Mas estou vendo que está melhorando, com toda essa questão sobre o Bolsonaro, acho que os movimentos se uniram mais. A gente até fez um movimento no Sol Nascente, aí vai todo mundo junto, depois desarticula. Eu vejo que tem encontros quase mensais da casa da Gucci, que foi coordenadora do Observatório de Saúde Mental da UnB. A Gucci é uma pessoa importantíssima no movimento e no máximo de 2 em 2 meses tem uma reunião na casa dela no Pakway.
E o Bloco do Rivotrio?
O Rivotrio nesse ano foi muito forte e houve reuniões de 12 a 15 coletivos. Realmente tem causas muito isolados, embora tenha melhorado recentemente. Esse já é um tema que não mobiliza tanto assim. Ultimamente, sim, por conta da pandemia e aí a saúde virou uma tema em destaque. Então é muito ruim fazer um ato isolado. O bom mesmo é a reunião de vários coletivos. É uma característica de Brasília, talvez não tenha coletivos fortes, tem pessoas fortes. Você vê uma pessoa de um coletivo que consegue fazer alguma coisa, O Rivotrio era assim, era eu e a Terezinha, agora tem um coletivo, tem o Cajuína que está com a gente e então temos um grupo forte.
Eu fiquei 10 anos no Movimento de Saúde Mental do DF, Muitas vezes os grupos não se agregam. Cada coletivo diz que tem a verdade sobre a saúde mental, “eu sou mais antimanicomial do que você!”. Então, fica uma briga de vaidade. Por exemplo, já tentaram fechar o Caps Candango do Setor Comercial Sul. A gente diz, vamos chamar o Instituto de Saúde Mental. Mas alguns dizem eles não antimanicomiais, mas eu discordo. A gente tem que agregar, parece um outro evangelho “eu tenho a verdade”. Mas com o Bolsonaro a gente levou um susto. Se a gente não ficar junto, não ia sobrar nada. Não dá pra ficar isolado.

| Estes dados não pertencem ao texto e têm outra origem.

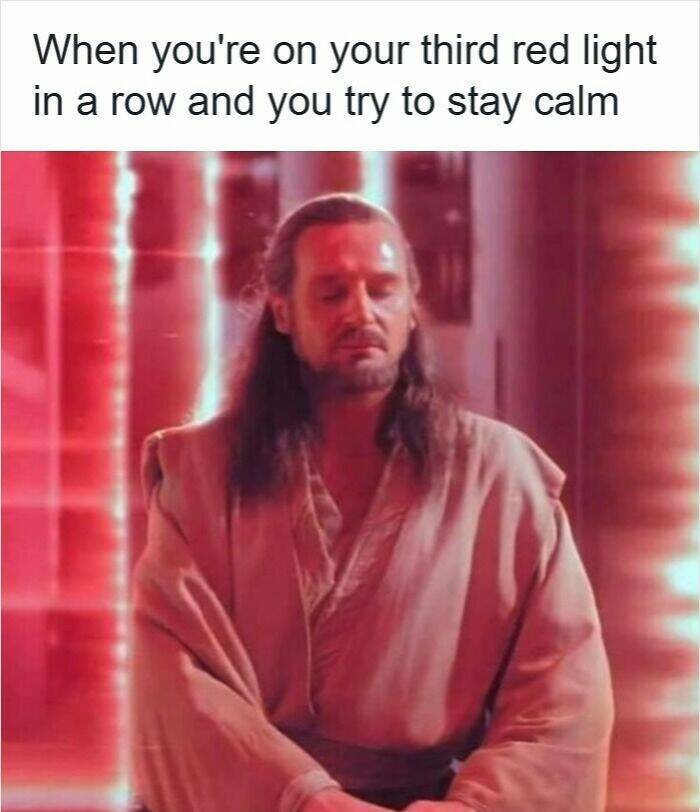 Memes For Drivers (22 pics)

Nós ficamos mais acomodados quando a gente teve por 10 anos com governos de esquerda, não tinha uma figura forte pra enfrentar, como a gente teve depois o Bolsonaro.

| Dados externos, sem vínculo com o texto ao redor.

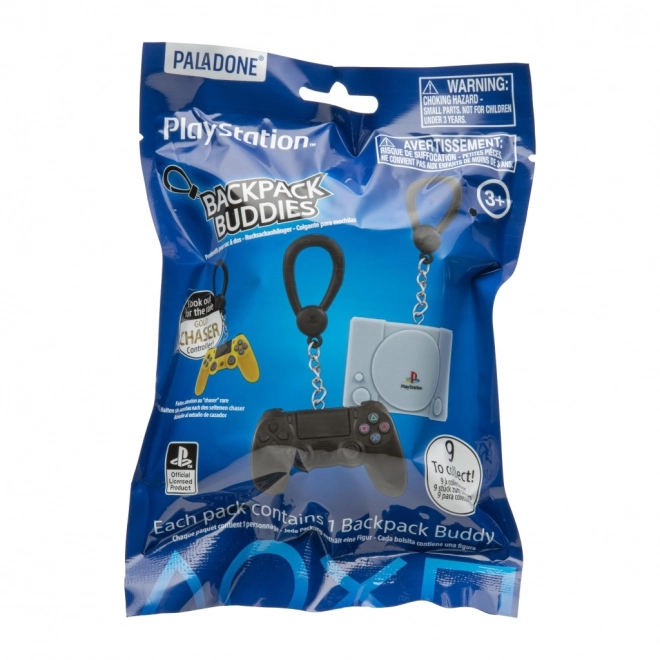 Pendentif Playstation
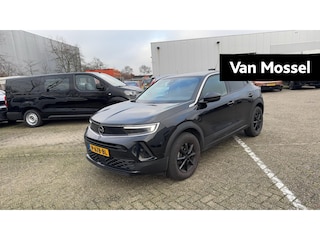 Opel Mokka 1.2 Edition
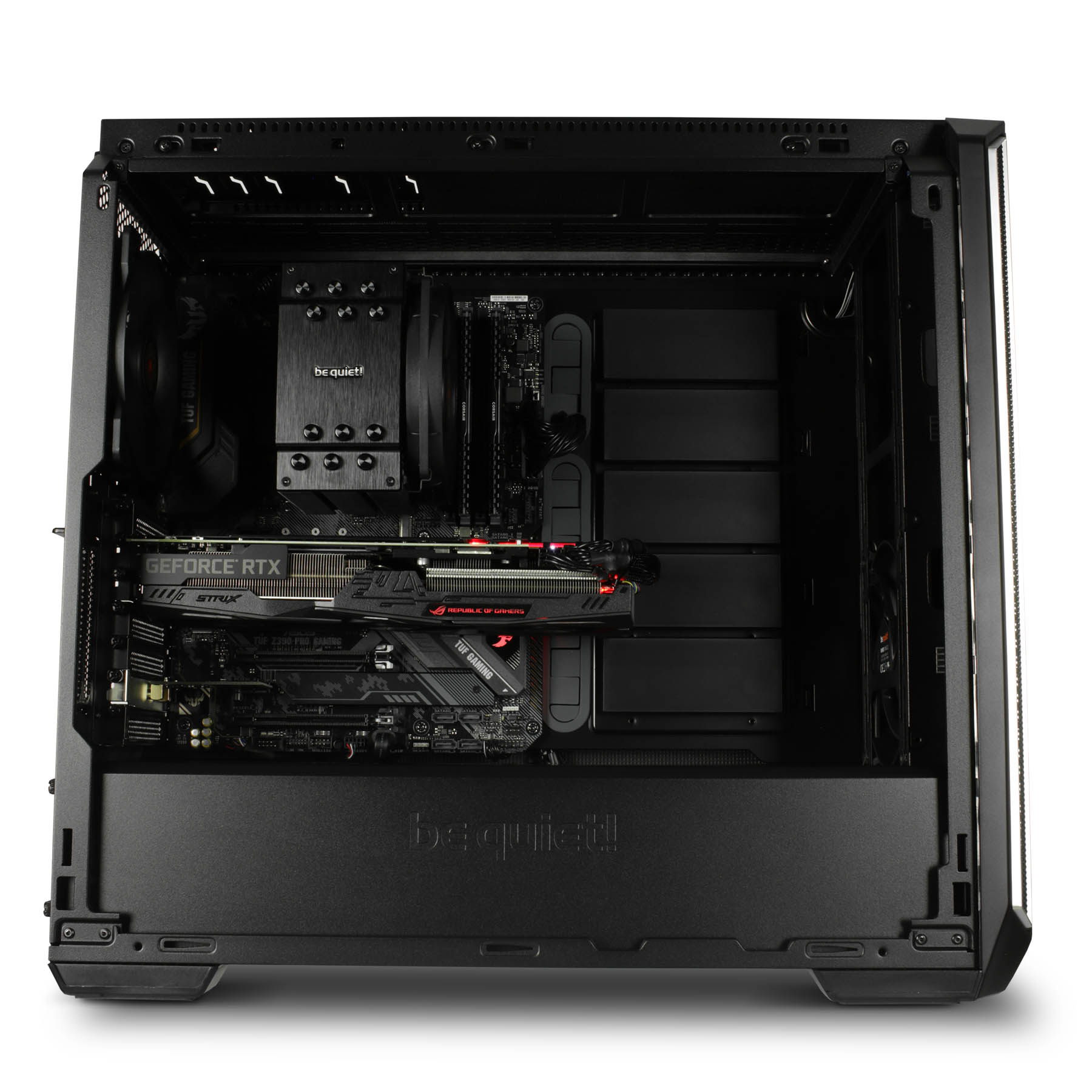 Rover pc r5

Em dezembro vamos ter a Conferência Nacional de Saúde Mental. Qual sua expectativa?
Na Conferência a expectativa é altíssima, há muito tempo que não tem Conferência, vai ser no primeiro ano do governo Lula, com os movimentos ressignificando a luta. Então estou vendo essa abertura maior de diálogo e de força. Temos uma ministra sabedora da causa.
Tem muito também a questão de raça e pobreza. Quem tem dinheiro e comete algum delito, que tenha um bom advogado não vai preso, é tratado em uma clínica particular. Então esse tratamento tem que ser para todos, uma política pública. Então, a gente tem que falar isso para a sociedade e criar mais serviços.

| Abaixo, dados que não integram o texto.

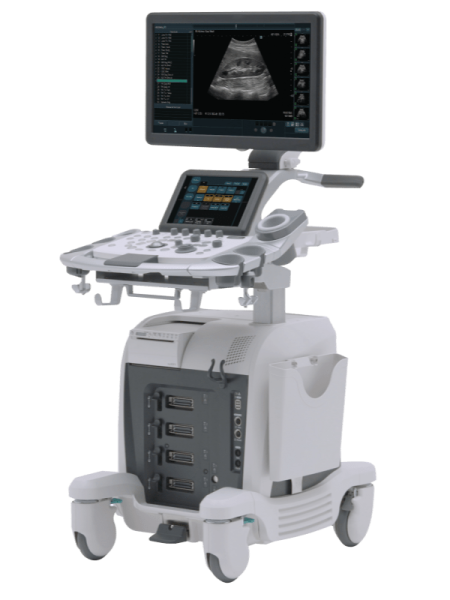 УЗИ аппарат Hitachi Aloka (Fujifilm) Arietta 750
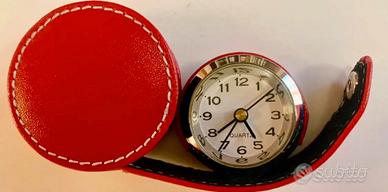 Orologio Quartz tascabile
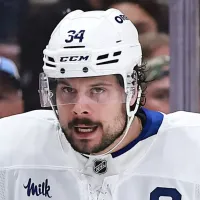 NHL News: Auston Matthews’ Maple Leafs break silence after Mitch Marner’s $96M sign-and-trade deal to Golden Knights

O estigma e o preconceito contra os loucos ainda são muito grandes. Como reverter isso?
As maiores atrocidades do mundo foram feitas por não loucos. Na verdade, houve uma inversão, essas pessoas foram violentadas e não são necessariamente violentas. Concordo que existe uma certa imprevisibilidade, o comportamento do louco é mais imprevisível. A pessoa tá usado droga, a gente não sabe o que pode acontecer. Também é um medo nosso, talvez a gente possa também enlouquecer, a fome enlouquece, uma história de amor enlouquece, o medo do outro é o medo da gente.